“Did you just say cauliflower to me?”

The story is as follows: Steven Soderbergh—while on hiatus from feature films (previously known as retirement)—received a script from mutual friend and screenwriter Rebecca Blunt (who might not be a real person). He fell in love with its stripped down Ocean’s 11 feel devoid of the posh financial backing robbing casinos needs and knew he’d regret handing it off to a recommended contemporary instead of helming it himself. Soderbergh therefore sat on this hillbilly heist gem until his show (“The Knick”) was cancelled and his ability to test a new studio distribution system (which he admits isn’t new at all) arrived. So, whether some wonky stars aligned or it was expertly orchestrated, Logan Lucky‘s origins prove as backwoods complex as the film itself.

And honestly this couldn’t be better for fans of the auteur because it shows he still has the goods for popcorn fun while predicting another dramatic entry to his oeuvre (experimental in nature or not) may be lying in wait. So it's a win-win situation for everyone involved, the least of which is Bleecker Street Media for having the wherewithal to hitch their wagon to Soderbergh’s Fingerprint Releasing’s train. After all, the director never experienced a dearth of financial success when going lowbrow for comedic genre thrills, and this shouldn’t either. The country’s climate has changed since Ocean’s 13 (2007), from reveling in “coastal elite” excess a la glitz and glamour, to seeking tales of small fries gaming a corrupt swamp in need of draining.

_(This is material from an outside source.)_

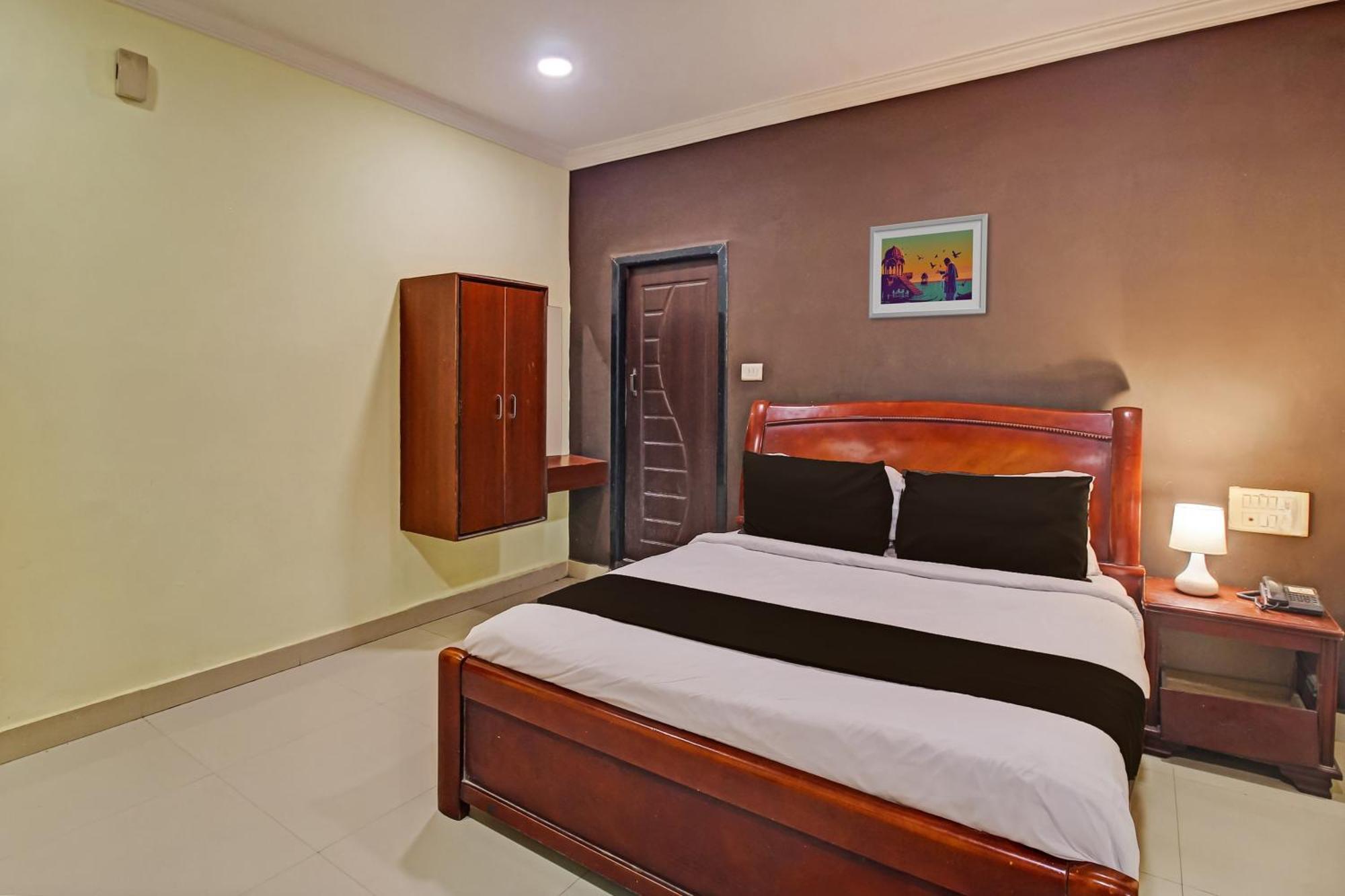 Hotel O Ruma Near Nampally Railway Station Haydarabad Dış mekan fotoğraf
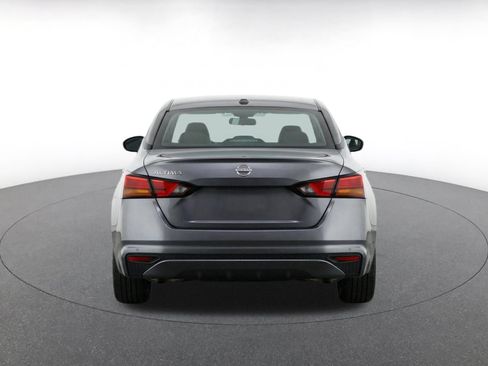 Used 2025 Nissan Altima 2.5 SV FWD image 8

I don’t think it’s a coincidence that Soderbergh made a film ostensibly in the mold of past endeavors but with a much greater rural America slant. Just look at its heroes: Jimmy Logan (Channing Tatum) who is a down-on-his-luck former football star trying to do right by his cute daughter who already knows the difference between a Philips- and flat-head screwdriver, and Clyde Logan (Adam Driver), an Iraq war veteran tending bar despite having lost a hand and forearm in an IED strike. These are the types of hard souled, blue-collar citizens that Trump targeted to win the presidency (did I mention that they reside in a mining town?). So why wouldn’t Soderbergh follow suit with the dual goal of making money and subtly mocking them to their faces with humor?

Intentional or not, the formula succeeds because the final product is an entertaining ride as similar to his previous trilogy in concept as it is dissimilar in environment. Jimmy is as smooth and conniving as Danny Ocean with the added bonus of also constantly being under-estimated. It’s not simply the people who he’s attempting to rob that look at him with skepticism, either. His own brother does, too. Clyde has been on the straight and narrow ever since a botched crime landed him in juvenile detention years earlier, but he likes that his brother shows initiative and vision enough to listen to his plan anyway. And since Jimmy has been privy to so much of the monetary inner-workings at Charlotte Motor Speedway (as a hired hand fixing sinkholes), it might actually work.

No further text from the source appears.